1. Overview
Funnel's BigQuery connector lets you share your Funnel data to a BigQuery Dataset of your choice. This guide will cover what you need to do in your Google Cloud Console in order for Funnel to be able to share data there.
Before you get started you need a Google Cloud Project with billing enabled https://console.cloud.google.com/billing.
2. Authentication
When authenticating you can select either a Google account (via OAuth) or your own service account or our service account (legacy). Pros and Cons are written in each section together with the instructions for how to set it up.
Required scopes
bigquery.datasets.get
bigquery.tables.create
bigquery.tables.updateData
bigquery.tables.get
bigquery.tables.update
bigquery.jobs.create
storage.buckets.get
storage.buckets.create
storage.objects.get
storage.objects.create
storage.objects.delete
storage.multipartUploads.*
Optional scopes
bigquery.datasets.create
Not needed if you have manually created a BigQuery Dataset and use that ID in the Funnel Data Share.bigquery.tables.delete
A test table might be created before the export to validate access, this will allow us to delete it afterwards.
Also when doing certain changes like removing date from the Data Share or changing all fields at once, it's required by us to delete the table and create a new one. For these auto-fix capabilities to work we require this scope, but it is also possible to delete the table manually and click "Run job" to fix all of these issues.storage.buckets.update
This will allow us to unset the soft delete retention policy since it's not used, we only have files there temporarily while they are loaded into BigQuery. It will also save you a little bit of money.
2.1 Use a Google account (OAuth)
The Google user that you use to authenticate with needs access to Google Cloud Storage (GCS) and BigQuery and billing needs to be enabled in your Google project. See complete list in "Required scopes" and "Optional scopes" above. The reason why we need GCS access as well is that we first put the files in a bucket that we create, transfer the files from there to BigQuery and then delete the files.
Pros: No configuration needed for the correct permissions and clear ownership. Access is only given to the specific Data Share(s) you add it to.
Cons: If the Funnel user connecting the credentials is removed from Funnel the credentials will also be removed and the Data Share will have to be reconnected.
2.2 Use a service account [Recommended]
In Google cloud console go to IAM -> Roles, or follow this link.
Create a new role and add permissions to the scopes in "Required scopes" above and preferably the "Optional scopes".
In Google cloud console go to IAM -> Service Accounts, or follow this link.
Create a new Service account
Give it a name and ID
Add the Role that you created in step 2
Click on the created Service account, go to the Keys tab and add a JSON key.
Open the downloaded JSON key and paste it into Funnel
Pros: The credential is not tied to any individual user. Access is only given to the specific Data Share(s) you add it to. You own the credentials which means that you can edit, delete or disable access. You can also rotate the credential yourself depending on your organisational requirements by creating a new key pasting it into Funnel and then removing the old one.
2.3 Use Funnel's service account
Go to https://console.cloud.google.com/iam-admin/iam/ and select your project.
Grant access to the Funnel service account from the table below and give it the roles BigQuery Data Editor and BigQuery Job User.
App URL | Service account |
app.funnel.io | |
app.eu.funnel.io |
Pros: Easy setup and the authentication is not tied to an individual user. The service account is maintained by us and the access keys are rotated every day.

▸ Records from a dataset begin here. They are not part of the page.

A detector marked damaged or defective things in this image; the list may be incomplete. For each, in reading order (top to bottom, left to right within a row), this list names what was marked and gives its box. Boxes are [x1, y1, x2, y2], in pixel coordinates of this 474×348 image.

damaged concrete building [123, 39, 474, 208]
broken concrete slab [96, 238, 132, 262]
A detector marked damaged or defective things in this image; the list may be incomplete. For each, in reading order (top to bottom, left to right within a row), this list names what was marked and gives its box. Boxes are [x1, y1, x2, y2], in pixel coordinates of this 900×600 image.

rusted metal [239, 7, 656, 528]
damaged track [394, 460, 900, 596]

Cons: Gives Funnel more permissions than necessary and you have no control over the service account.
3. Configure a BigQuery dataset
3.1 Let Funnel create the dataset
Funnel can create a dataset for you, this is the default behaviour.

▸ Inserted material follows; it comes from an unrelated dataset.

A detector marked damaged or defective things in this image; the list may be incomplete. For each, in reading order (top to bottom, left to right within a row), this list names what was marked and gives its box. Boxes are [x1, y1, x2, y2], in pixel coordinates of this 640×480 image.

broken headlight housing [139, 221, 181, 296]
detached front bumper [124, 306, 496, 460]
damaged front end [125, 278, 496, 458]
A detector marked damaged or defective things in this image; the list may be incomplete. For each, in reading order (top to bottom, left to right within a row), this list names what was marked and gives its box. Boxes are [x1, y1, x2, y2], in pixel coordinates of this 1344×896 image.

3.1.1 BigQuery Dataset Location
For the BigQuery dataset location you can either select US (multi-region) or EU (multi-region). This can be selected under "Advanced settings" when setting up a Data Share. If you want your data in another location follow the step 3.2 to create your own dataset and give Funnel permissions to export to it.
3.2 Give service account access to your own dataset
If you choose to manage the dataset yourself and are using the service account authentication you need to grant Funnel access to the dataset.

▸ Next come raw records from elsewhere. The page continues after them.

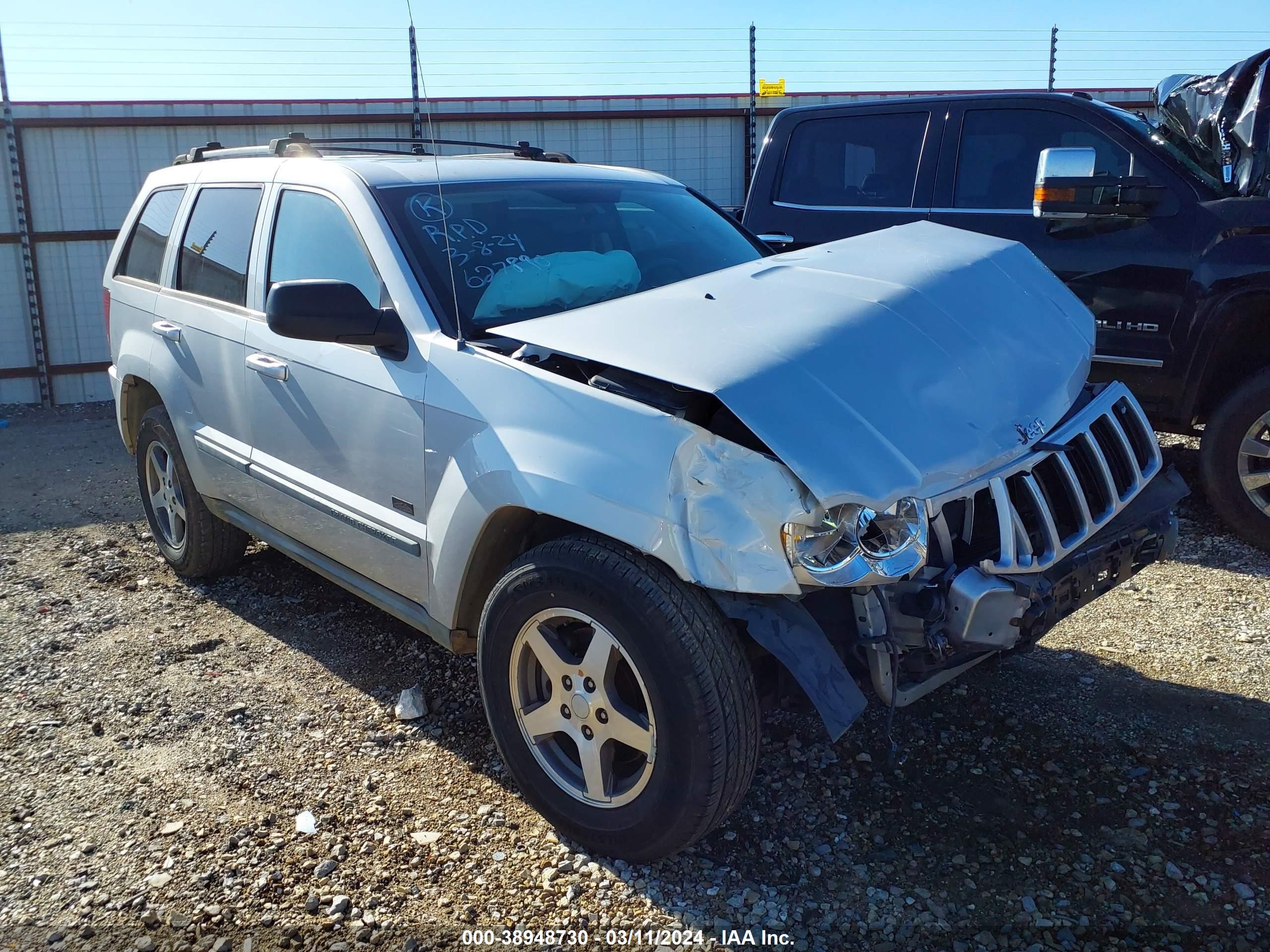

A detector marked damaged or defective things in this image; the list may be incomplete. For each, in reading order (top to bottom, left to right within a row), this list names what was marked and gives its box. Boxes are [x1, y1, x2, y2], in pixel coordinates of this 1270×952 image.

crumpled hood [1159, 50, 1262, 197]
crumpled hood [492, 220, 1095, 508]
damaged silver suv [104, 136, 1183, 865]
broken headlight [778, 498, 929, 587]
damaged fender [710, 591, 869, 742]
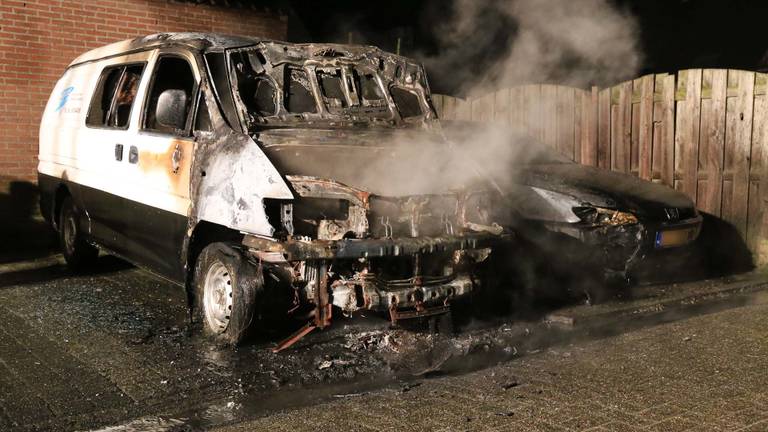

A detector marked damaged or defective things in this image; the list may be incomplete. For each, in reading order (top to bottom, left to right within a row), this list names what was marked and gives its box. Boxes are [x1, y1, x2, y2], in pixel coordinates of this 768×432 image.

charred tire [57, 197, 97, 270]
exposed wheel rim [202, 260, 232, 334]
charred tire [194, 241, 262, 346]
burnt van [40, 32, 510, 346]
burnt car [40, 33, 510, 348]
burnt car [444, 122, 704, 294]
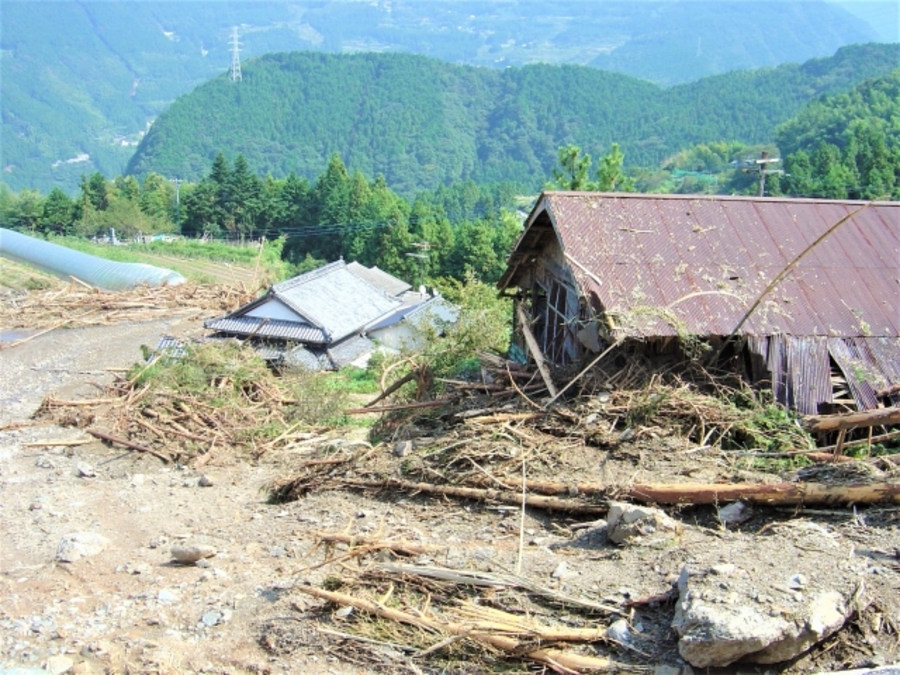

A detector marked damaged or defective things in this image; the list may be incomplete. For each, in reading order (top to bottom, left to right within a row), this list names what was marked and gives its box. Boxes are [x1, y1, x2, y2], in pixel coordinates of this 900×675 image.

damaged barn [500, 191, 900, 418]
rusty corrugated metal roof [506, 193, 900, 340]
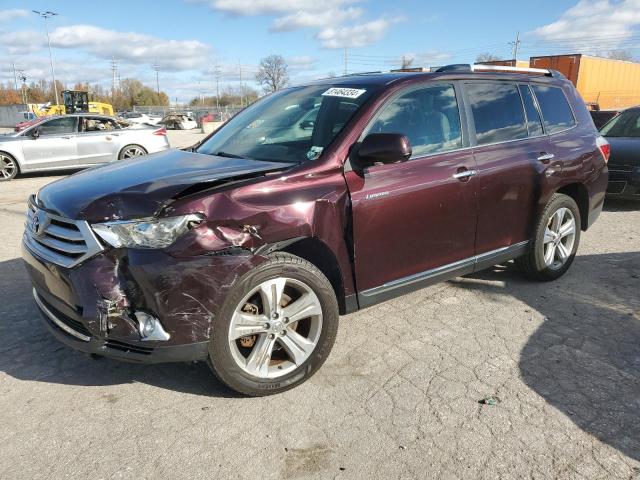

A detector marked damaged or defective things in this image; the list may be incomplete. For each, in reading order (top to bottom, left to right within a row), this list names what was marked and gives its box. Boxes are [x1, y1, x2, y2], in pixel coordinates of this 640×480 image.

cracked bumper [22, 240, 262, 364]
broken headlight [90, 215, 202, 249]
crumpled hood [35, 148, 284, 221]
front end collision damage [27, 165, 358, 360]
damaged toyota highlander [22, 67, 608, 398]
crumpled hood [604, 137, 640, 169]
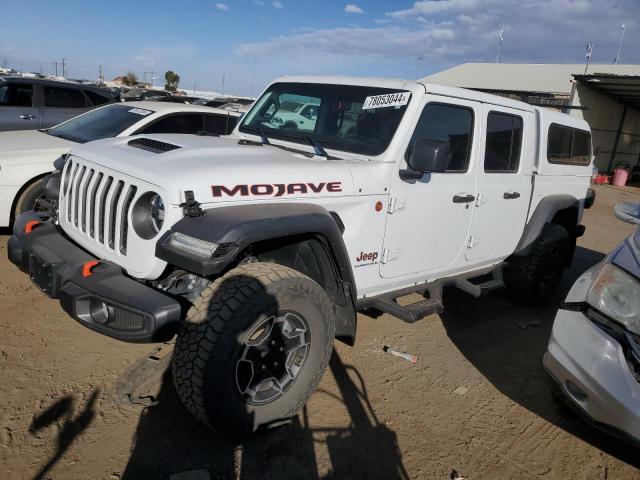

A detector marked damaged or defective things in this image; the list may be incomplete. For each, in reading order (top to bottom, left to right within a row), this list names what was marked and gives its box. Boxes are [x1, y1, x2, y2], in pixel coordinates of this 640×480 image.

To grant the access required add the Funnel service account found in the table above to the project with the role "BigQuery Job User" and on the dataset add the role "BigQuery Data Owner" to the service account.
3.2.1 How to grant BigQuery Data Owner on the dataset
Go to the dataset you want to export to and press "Sharing" then "Permissions".
Press Add principal then add the service account with the role "BigQuery Data Owner"
3.2.2 Domain Restrictions (optional)
When using service account and if you have domain restrictions enabled in GCP then below is the organisation and workspace ID's for the service accounts used in Funnel Shares.
Organization resource ID | 1033907189250 |
Google Workspace customer ID | C03lzhzjd |
All done!
Having completed the two steps above you can now configure your Funnel Share to send data to this BigQuery Dataset. Do this from within your Funnel account.